What the task asks →
Once the line holding "Königlich privilegirte Berlinische" is found, output it and all remaining lines of the data exactly, with every picture left out.

Data excerpt →
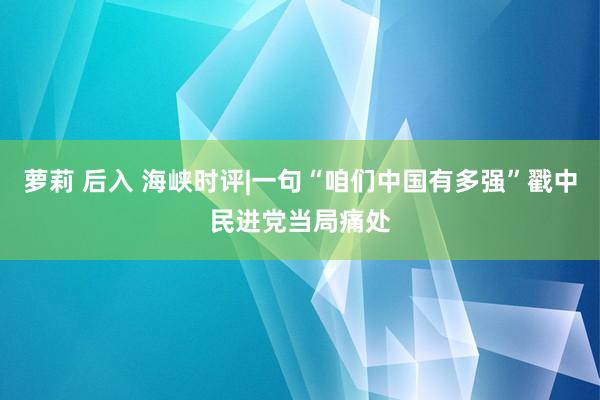 萝莉 后入 海峡时评|一句“咱们中国有多强”戳中民进党当局痛处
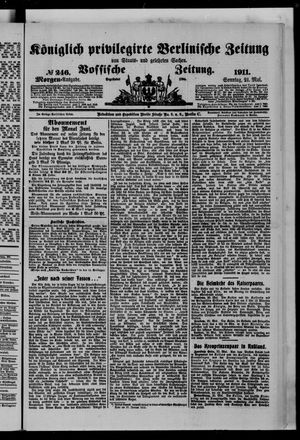 Königlich privilegirte Berlinische Zeitung von Staats- und gelehrten Sachen vom 21.05.1911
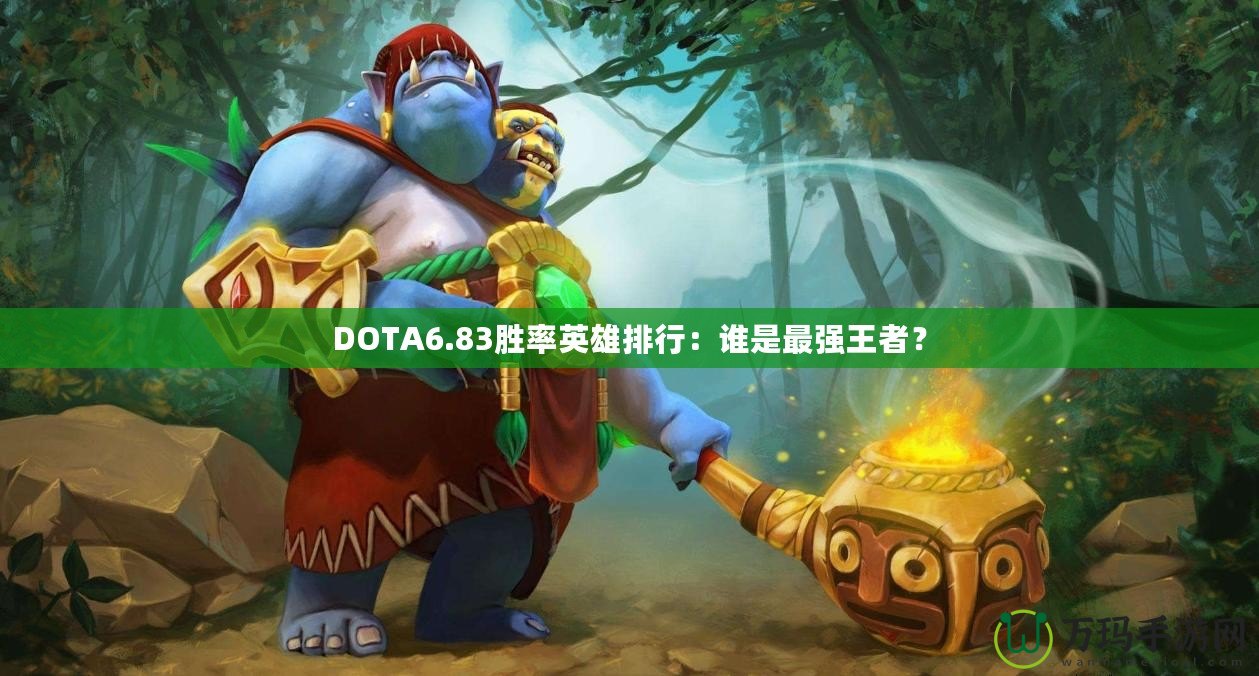 DOTA6.83勝率英雄排行：誰(shuí)是最強(qiáng)王者？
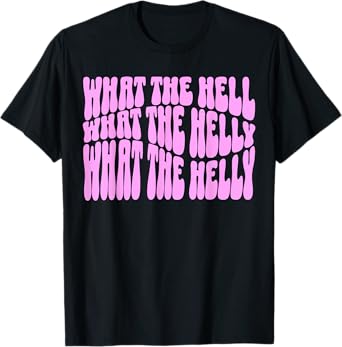 funny What The Helly What The Helly gen z brainrot meme pink T-Shirt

Problem solution →
 Königlich privilegirte Berlinische Zeitung von Staats- und gelehrten Sachen vom 21.05.1911
 DOTA6.83勝率英雄排行：誰(shuí)是最強(qiáng)王者？
 funny What The Helly What The Helly gen z brainrot meme pink T-Shirt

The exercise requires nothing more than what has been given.